Most of the 23,000 or so registered Ainu live in Hokkaido, the Japan's northernmost island and their spiritual center, where the Ainu were the first settlers. They were brought under Japan's thumb during the Meiji era's push north, and the true size of the population is unknown because many are believed to hide their ethnic origin to avoid discrimination. Sakai recalls how, as a child, he and his friends would keep their heads down while doing traditional dances at local community halls, embarrassed at their ethnic identity. With the word "Ainu" easily transposed to "inu," the Japanese word for "dog," many now prefer to call themselves "Utari," meaning "comrade."
Thousands of Ainu have left Hokkaido for Tokyo and other large Japanese cities in search of better jobs or education, and many continue to disguise their ethnic origins. The Ainu Rebels, formed a year ago, are as much about overcoming shame as about music. One member is Megumi Murakami, the granddaughter of the late Umeko Ando, one of the most famous traditional Ainu mukkuri or jaw harp musicians.

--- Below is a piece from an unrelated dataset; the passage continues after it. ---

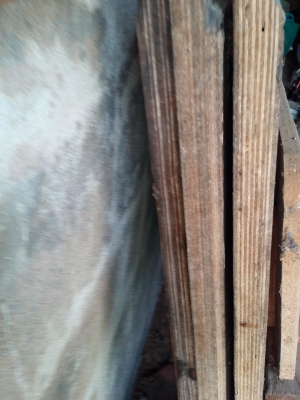 ขายเหมาไม้สนนอก ลดเหลือ 2,000 ราคานี้ถึง 9 กย.เท่านั้น ด่วน!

Murakami never tapped into her grandmother's music, Sakai says, and only recently has acquired the confidence to sing with the Rebels.
The video was recorded at an early evening performance in Tokyo, during a cultural festival celebrating both Ainu and Okinawan cultures. It concludes with Sakai's rap, lyrics he wrote by texting into his cellphone that speak of the anxiety and the need for pride felt by an ancient people in the 21st century.
Quickening fear and worry
Once I decided to forget about Ainu
One day my girlfriend told me over the phone
Ainu people are creepy.
My brain went completely blank
I froze up and ignored it, but cried the back of my mind
Difference of face? Difference of blood? Is that your standard to select?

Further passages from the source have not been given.